On Sunday 01 May 2011 20:11:59 Zach Pfeffer wrote:
- User space API
1.1. New memory management(MM) features should includes followings to the user space.: UMP A. user space API for memory allocation from system memory: UMP Any user process can allocate memory from kernel space by new MM model.
I don't think it can be that simple, you need to at least enforce some limits about the amount of nonswappable memory to be allocated to each unpriviledged process, or you need to limit which processes are allowed to allocate these buffers.
The alternative would be that regular user memory (e.g. from tmpfs) can be used for this and is only pinned inside of a DRM ioctl while passed to the hardware and released when returning from that, but that would not allow any long-running mappings to be mapped into user space.
Hi, my name is Sanghyun Lee. Thanks for your comments.
As you wrote above, it can't be a simple work, but we need it. we need to map user allocated memory(malloc) to the device which has a SYSTEM MMU(= IOMMU). At this time, we think that new API at user space. So, we have allocated memory at system space and mapped it to the user space by new API. Because some project does not based on DRM/DRI and X window-system. But, IOMMU APIs will be helpful for this, I guess.

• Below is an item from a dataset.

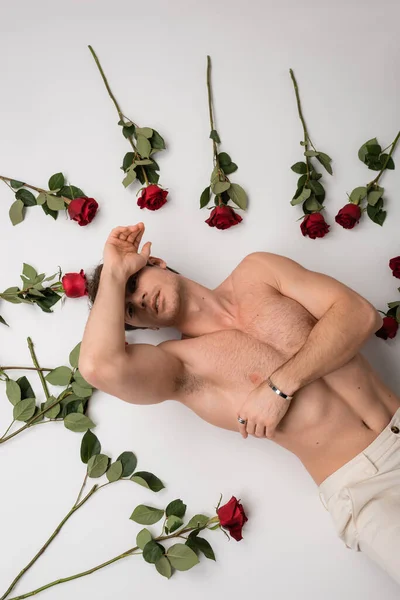 Top view of sexy shirtless man in silver bracelet lying near red roses on white background - foto de stock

There are a couple of things to keep in mind about IOMMU mappings of malloc'd memory. The first is that the demand paging system that supports malloc doesn't guarantee anything about the number and type of mappings used to satisfy a request. This can cause performance problems. With page alignment the few entries available in the TLBs will be quickly used up. On a TLB miss the IOMMU will stall the devices behind it while it pulls the new mapping into the TLB. If these mappings are mapped with 1 MB mappings instead of 4 KB mappings (page sized) then these misses happen much less frequently. This fine grained control means you really need a device aware driver that knows how memory should be mapped for a given device. Everyones been writing these, but no ones agreed on a common interface.
The other thing about malloc'd memory is that the kernel doesn't actually commit any physical memory to the request until someone writes to it (copy-on-write). On a write the kernel will fault in an anonymous page whether malloc use sbrk or mmap(). What this means is that an IOMMU map can't be set up until after the page has been mapped in.
The OMAP3 ISP (V4L2) driver supports that. It will call get_user_pages() on the buffer passed by userspace, so pages will be faulted in at that point.
I can certainly see the allure of malloc'd memory to IOMMU mapping, but unless people are careful it can cause many problems and may limit performance. Plus it doesn't handle permission - the fd approach might handle that. Maybe we just collect all the drivers and all agree on a set of IOCTLs?